Что мне показалось впоследствии особенно удивительным, так это сверхвнезапный переход из неистовейшего напряжения воли, из бурной наступательности в полную и безвольную созерцательность, от избытка ярости в ясновидение безоблачнейшего покоя, который только можно себе представить. Все то, в чем только что участвовал до последнего нерва, осталось позади, как шум прибоя, имеющий значение лишь пока он тебя подбрасывает, тогда как для тонущего он уже отзвучал. Но поистине меткий образ даже не таков; скорее, это в пространстве битвы более глубокое пространство, таинственная клеть, которую начинаешь осознавать в той мере, в какой угасло сознание внешнего.
Но то, что тогда разыгрывалось, было совсем иным, это были не картины, всплывающие из прошлого. Всплывали, скорее, их смыслы, обнаруживался их значащий источник, причем таким образом, что все произошедшее понималось как доброе, истинное и праведное, какие меры к нему ни прилагай.
Это было воспоминание, память о котором утрачена. Это было, как если бы после оперы, когда занавес уже опущен и действующие лица переодеваются за кулисами, в пустом зале невидимым оркестром был бы снова сыгран основной мотив — одиноко, трагически, гордо, со смертельной значительностью.
Когда в густом тумане поднимаешься на горную вершину и вдруг прорывается солнце, видишь себя среди невероятного, лишь смутно угадывавшегося пейзажа и сознаешь в изумлении, что, в сущности, на протяжении всего пути находился в его центре и каждый отдельный шаг соотносился с ним.
Когда теряешься в длинных, запутанных снах, полных опасностей, порою снится, что умираешь. В мгновение, когда это происходит, катастрофа рассекается каким-нибудь звуком внешнего мира, например дребезжанием будильника, стоящего на ночном столике. Как удивительно при этом проснуться и сообразить, что, заброшенный в бесконечную чащу чуждых пространств и времен, ты все время находился в собственной комнате, будучи одновременно в опасности и в магическом кругу высшей защищенности!
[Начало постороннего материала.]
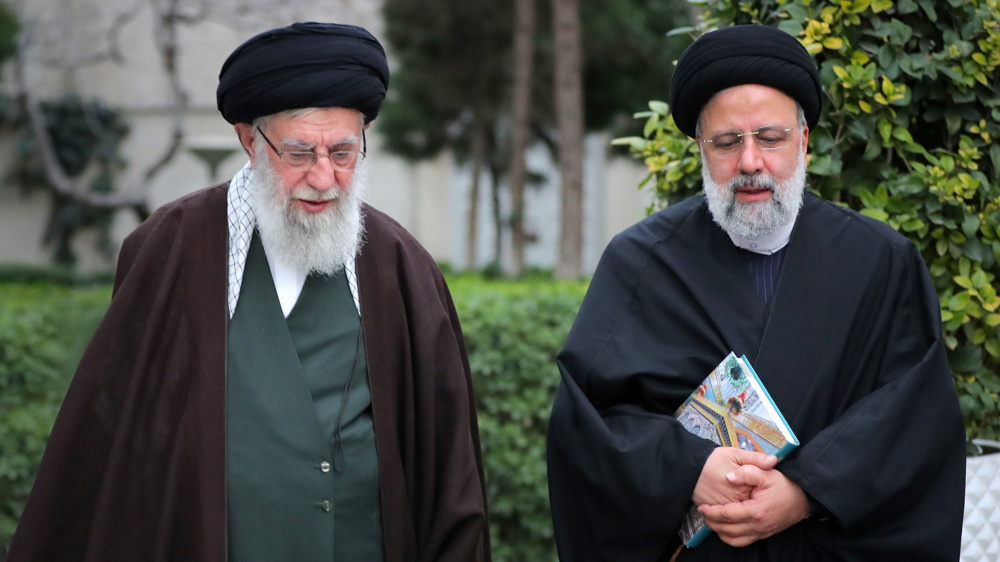 Leader : la nation iranienne a perdu un serviteur sincère et précieux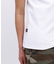 《DAILY／デイリー》DAILY NO SLEEVE SHIRT ／ デイリー ノースリーブ シャツ ／ AVIREX ／ アヴィレックス
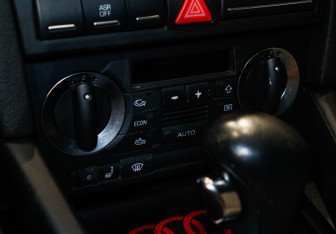 Подержанный автомобиль Audi A3 Hatchback 2007 года (15 фото)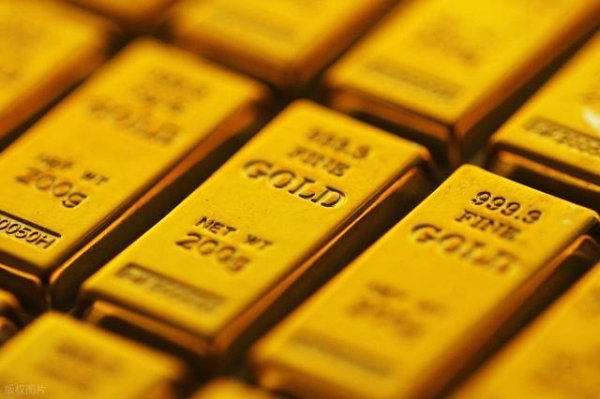 俄罗斯、土耳其纷纷抛售黄金，中国还在买入，谁做错了？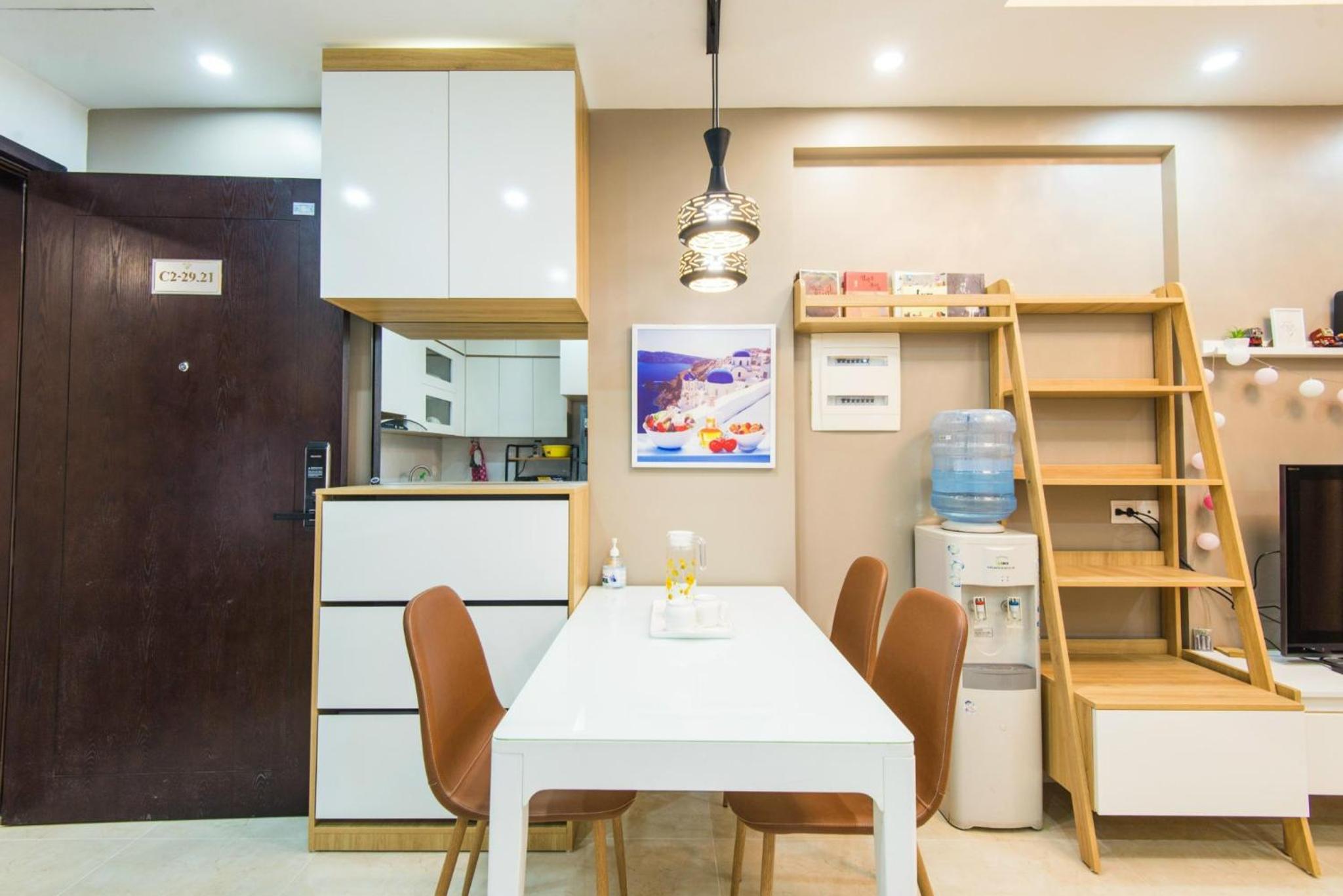 Linh Homestay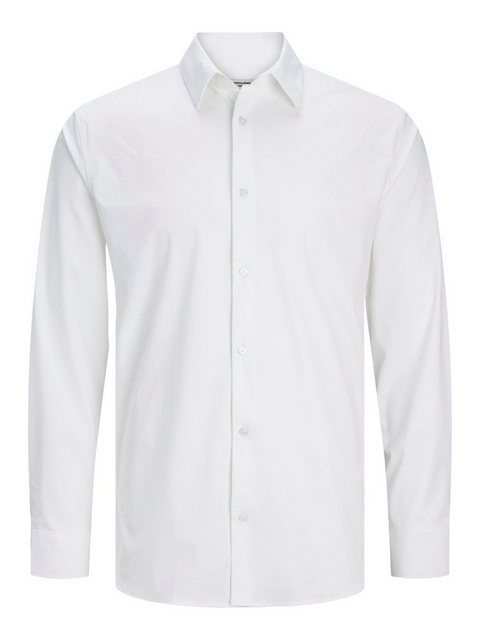 Jack & Jones Langarmhemd JPRBLAACTIVE STRETCH SLIM SHIRT L/S SN günstig online kaufen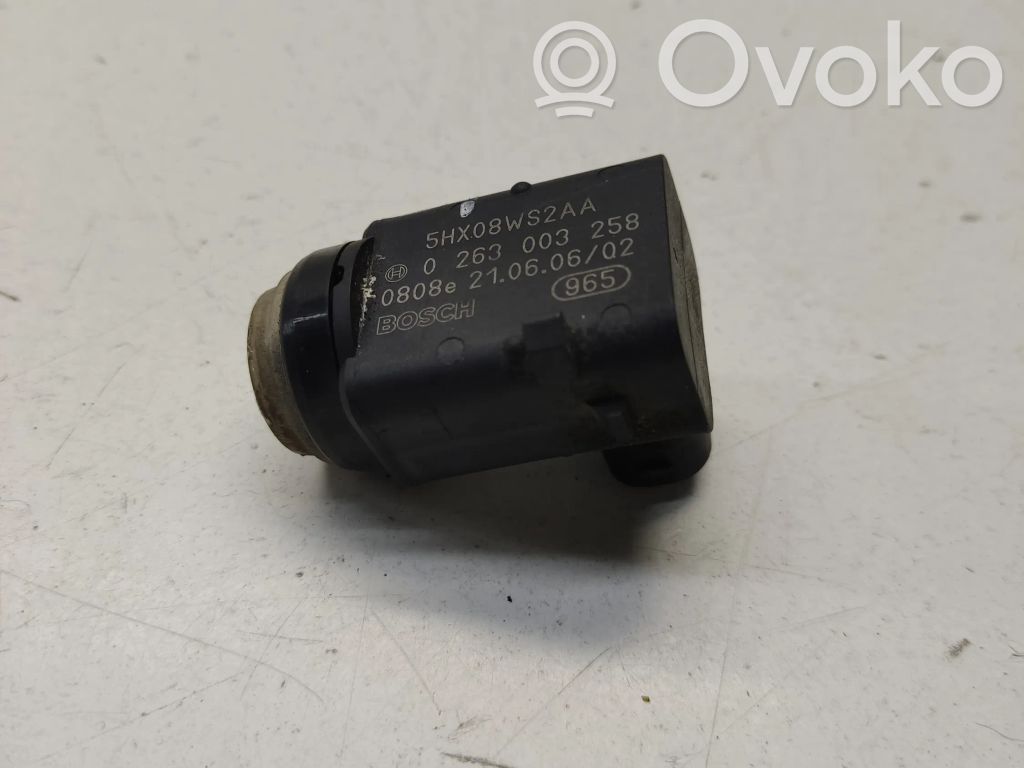 Chrysler 300 - 300C Parking PDC sensor 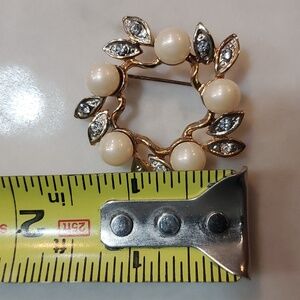 Vintage Brooch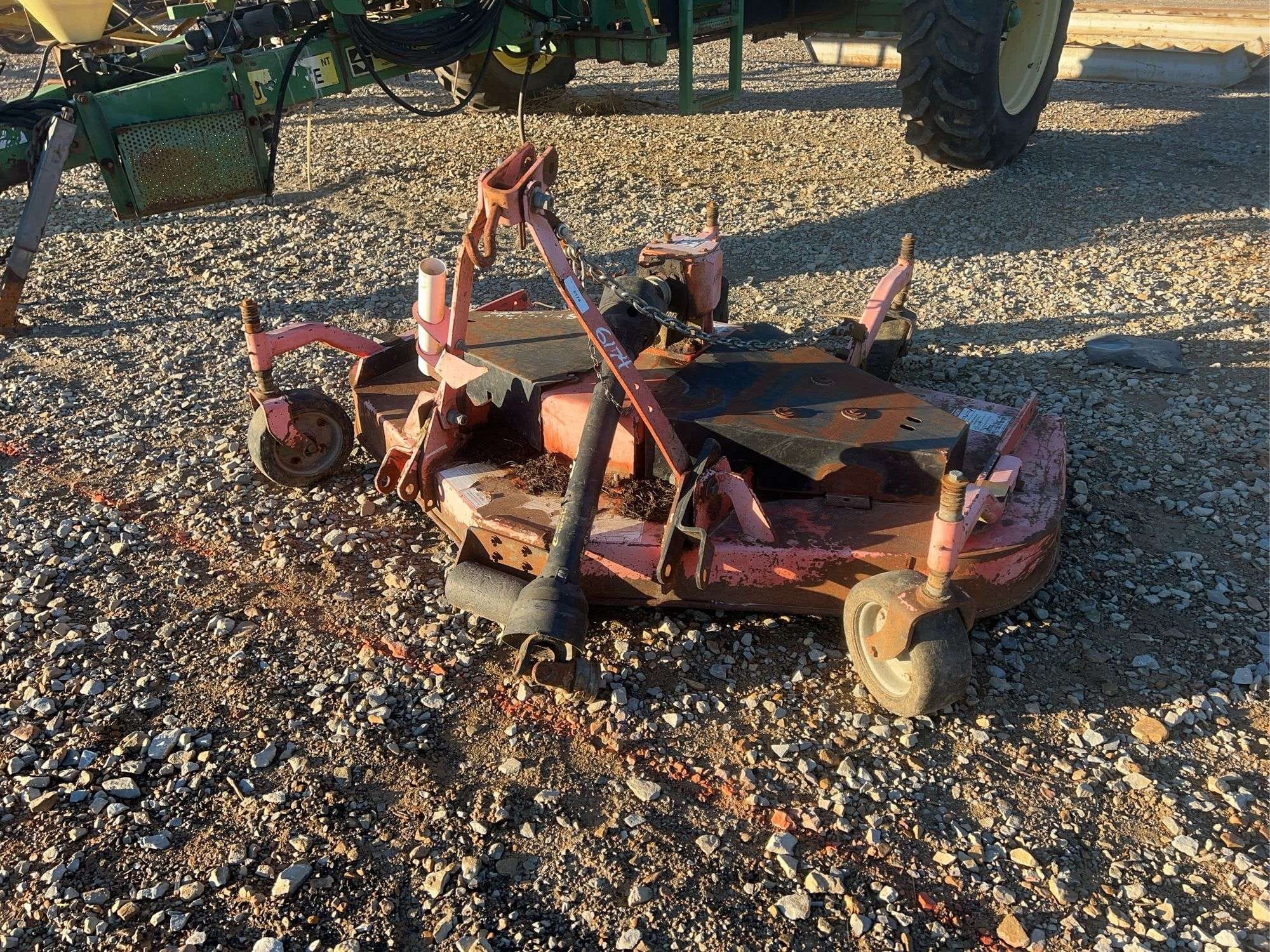 Woods Undetermined Equipment Image0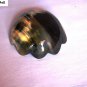 Horn Bowl Premium Quality Serve ware Round Cut Shape Small For Snacks Set of 1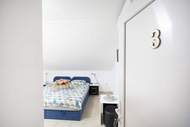 Ferienwohnung - Apartments Milic - Twin Room 1 - Ferienunterkunft in Karin Gornji (2 Personen)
Неслыханные открытия происходят в «Тысяче и одной ночи», где пластической фантазии удаются уловы, которых не постыдилась бы лучшая метафизика. Мне вспоминается повествование, в котором волшебник побуждает султана войти в котел с водой. Под воздействием чар котел непомерно расширяется, простираясь морем, в которое султан погружается; он долгое время бредет по его дну, пока волны не выбрасывают его на берег чужой страны. Жители города принимают его за потерпевшего кораблекрушение. Он начинает торговать, наживает состояние, женится, у него рождаются дети, но наконец он впутывается в судебное разбирательство и приговорен к смерти. Его вешают, но когда палач вздергивает его, он видит себя медленно извлекаемым из котла, в который он вступил годы назад. Но пока совершались все эти события, прошла едва секунда и сотрапезники сидят за столом все в той же позе.
Мы живем в эпоху, когда очень трудно уразуметь, что индивидуальное пространство перестало быть решающим. Я разговаривал однажды, чего делать не следует, о таких вещах с врачом, наблюдавшим смертельные психические болезни, когда душевные силы медленно крошатся, пока полностью не разрушатся, но он привел и контраргумент: болезни, при которых дух уподобляется «часовому механизму, изрешеченному ружейными выстрелами».